**What is needed:** Exact copy, pictures excluded: set down only the lines from the one with "Collar Vest 4" through the end of the entries, keeping both end lines.

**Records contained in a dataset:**
_ _ _ _ _ _ _

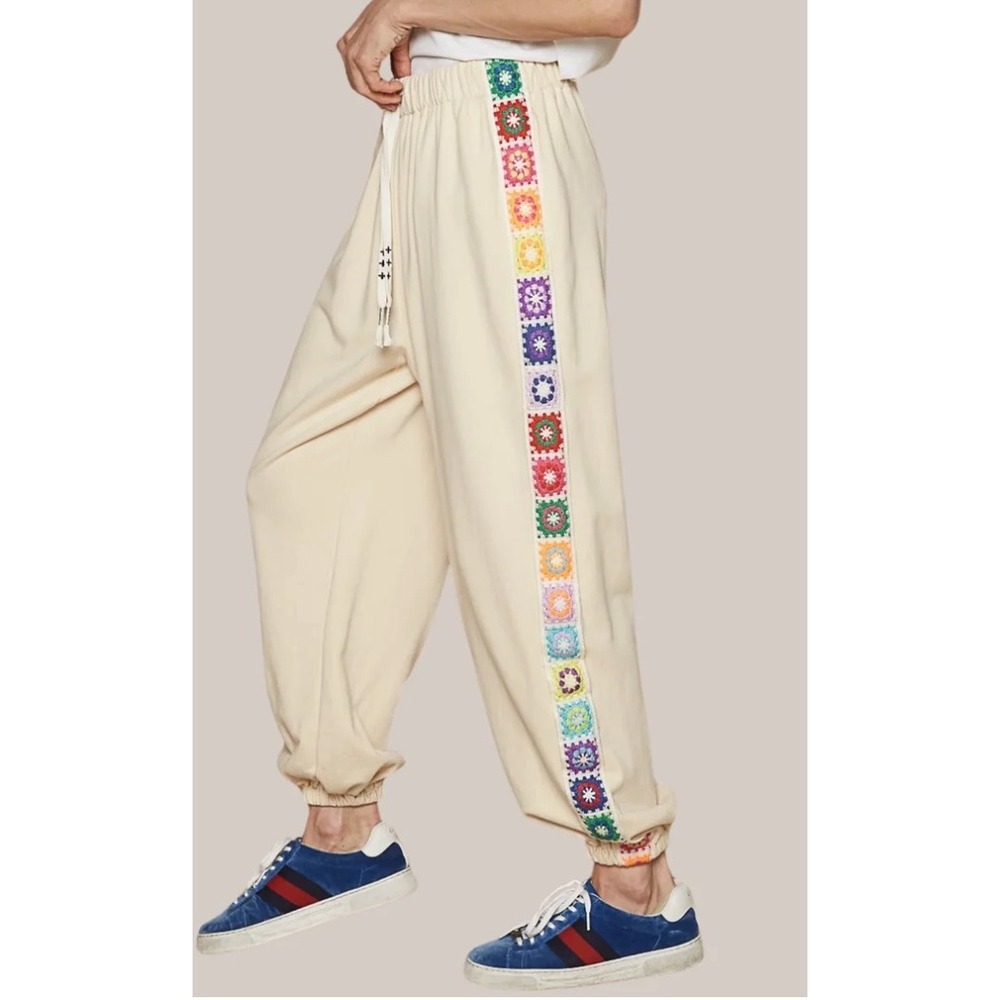 POL Cream Joggers Crochet Rainbow Granny Square Baggy Oversized Pants Women's L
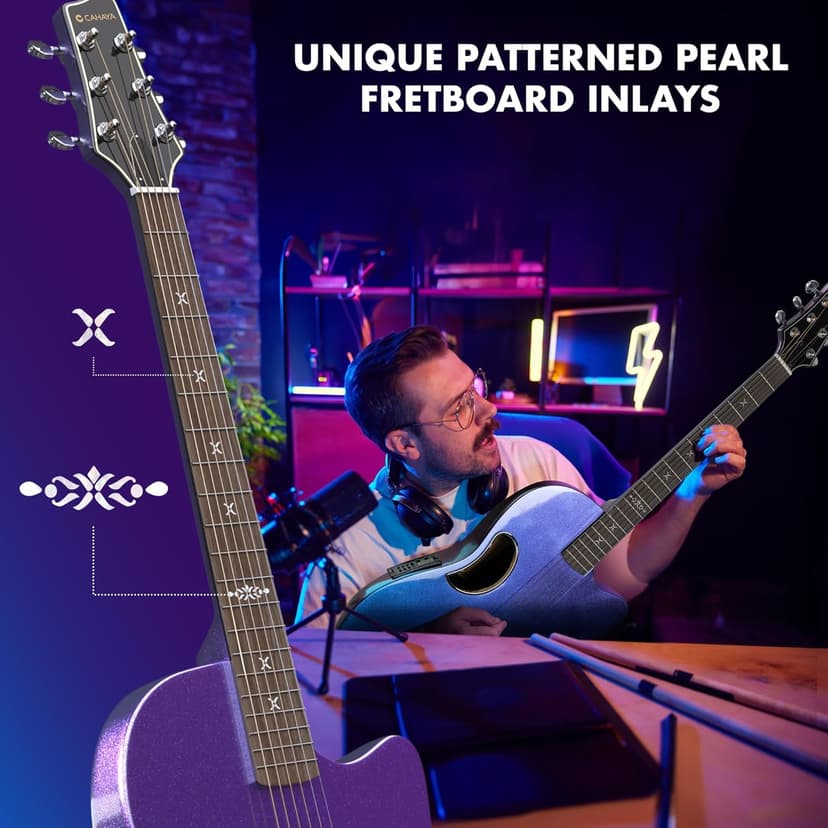 CAHAYA Acoustic Electric Guitar Kit - 41” Carbon Fiber Adult Beginner Set with Bag and Strap Built-In Pickup Rich Resonance & Warm Tone for Performance Ready, Pearl Blue-Purple Finish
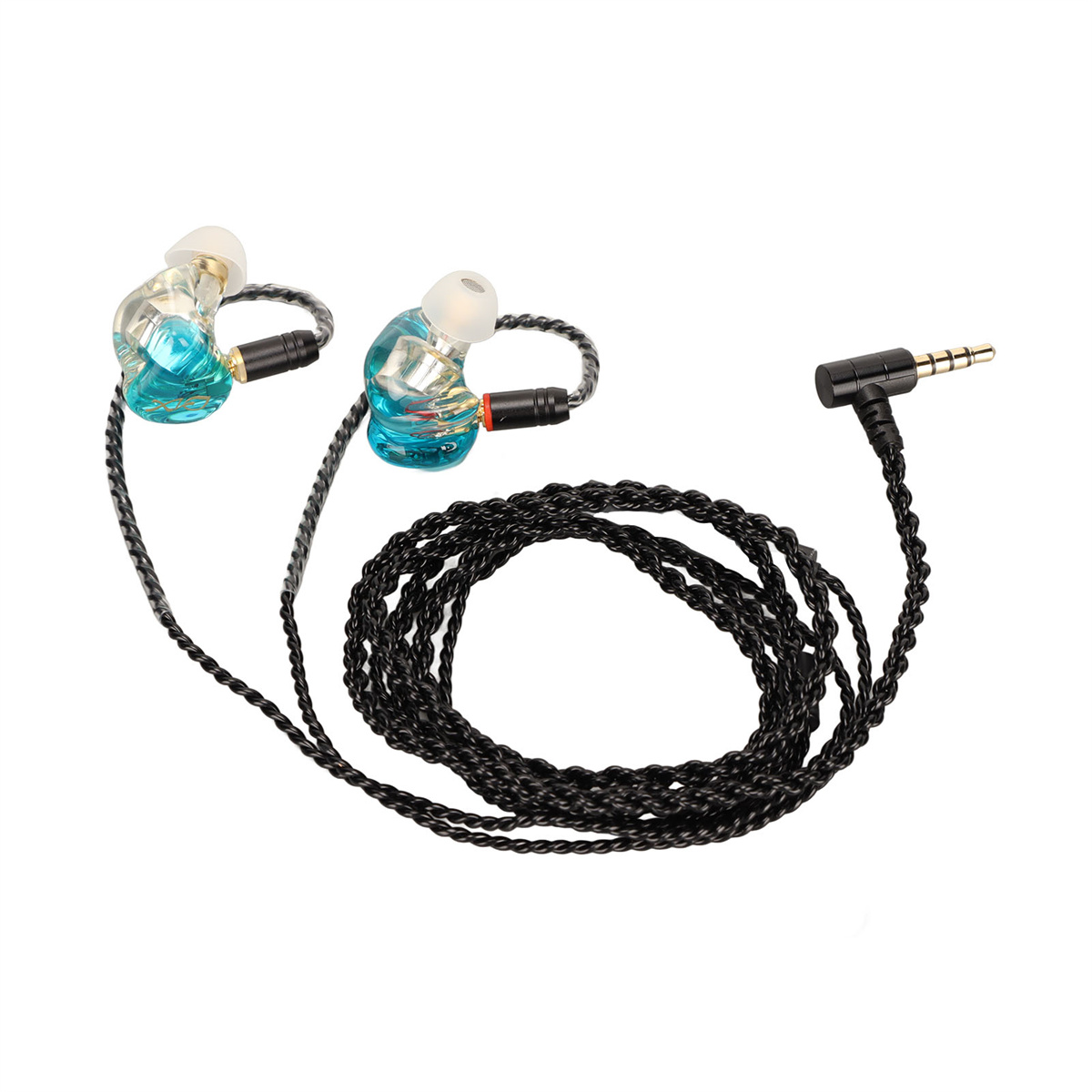 Kopfhörer mit transparenten blauen und schwarzen Details. Langes schwarzes Kabel mit 3,5-mm-Klinke.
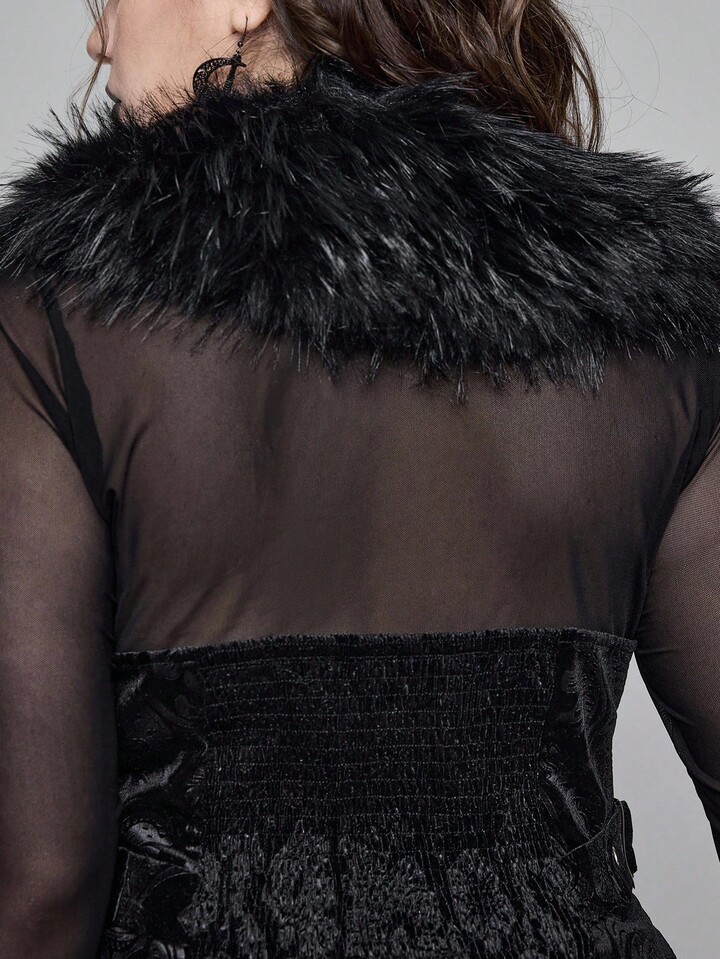 EDITION Plus Size Goth Mysterious Velvet Print Detachable Faux Fur Collar Vest 4 EDITION Plus Size Goth Mysterious Velvet Print Detachable Faux Fur Collar Vest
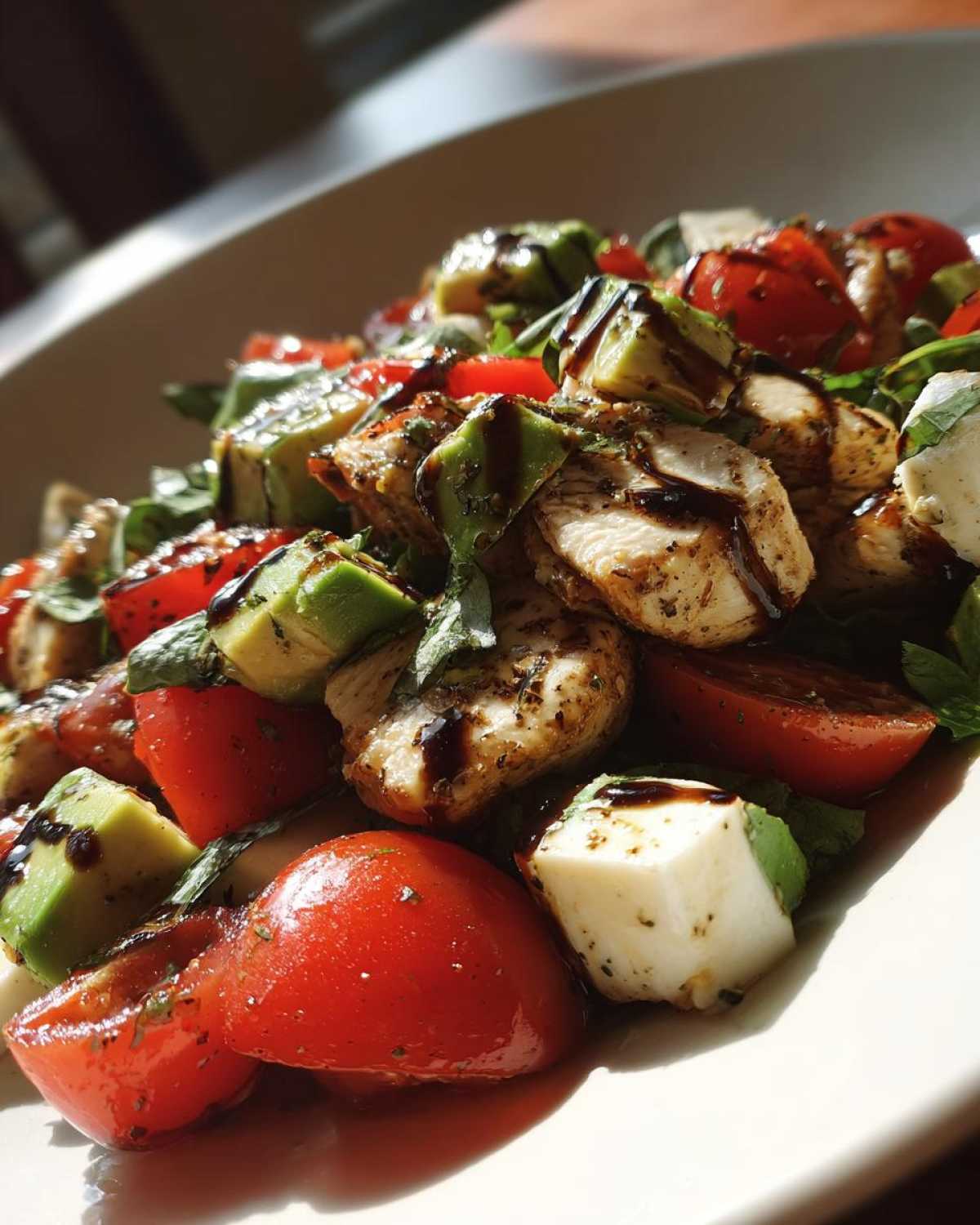 Close-up of a vibrant Chicken Avocado Caprese Salad featuring grilled chicken, avocado chunks, tomatoes, mozzarella, and a balsamic drizzle.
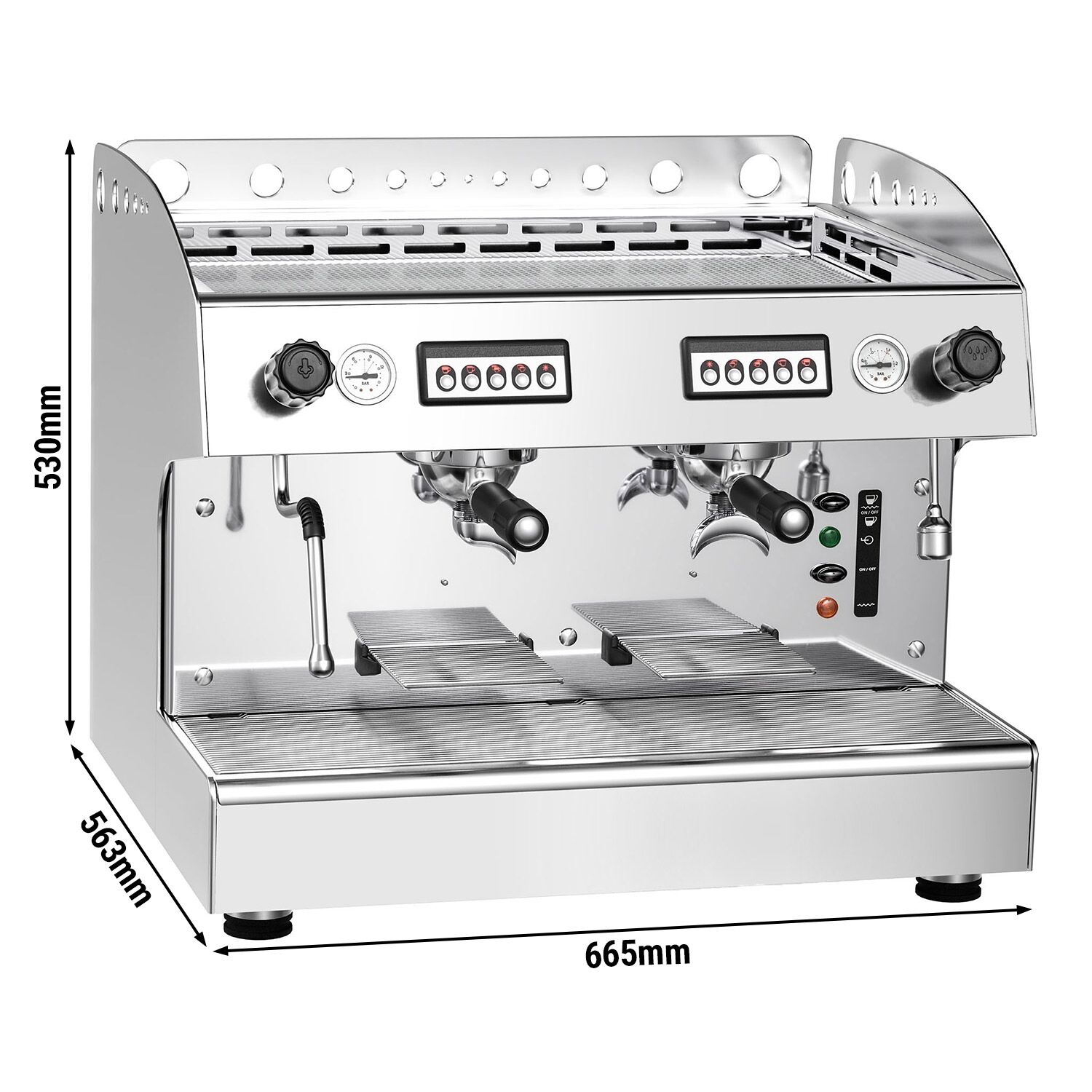 Machine à café porte-filtre – 2 groupes – avec système de préinfusion inclus
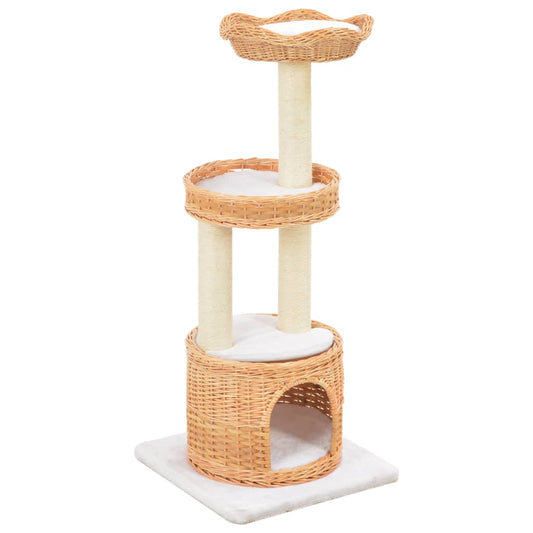 vidaXL Cat Tree with Sisal Scratching Post Natural Willow Wood - Cat Furniture - Just £107.23! Shop now at PJF stores LTD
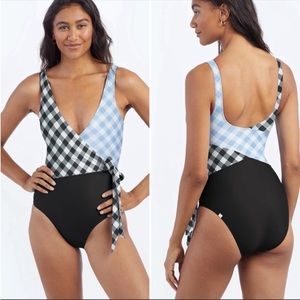 Summersalt The Perfect Wrap One Piece Swimsuit Black and Blue Gingham 8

_ _ _ _ _ _ _

**Solution to the exercise:**
 EDITION Plus Size Goth Mysterious Velvet Print Detachable Faux Fur Collar Vest 4 EDITION Plus Size Goth Mysterious Velvet Print Detachable Faux Fur Collar Vest
 Close-up of a vibrant Chicken Avocado Caprese Salad featuring grilled chicken, avocado chunks, tomatoes, mozzarella, and a balsamic drizzle.
 Machine à café porte-filtre – 2 groupes – avec système de préinfusion inclus
 vidaXL Cat Tree with Sisal Scratching Post Natural Willow Wood - Cat Furniture - Just £107.23! Shop now at PJF stores LTD
 Summersalt The Perfect Wrap One Piece Swimsuit Black and Blue Gingham 8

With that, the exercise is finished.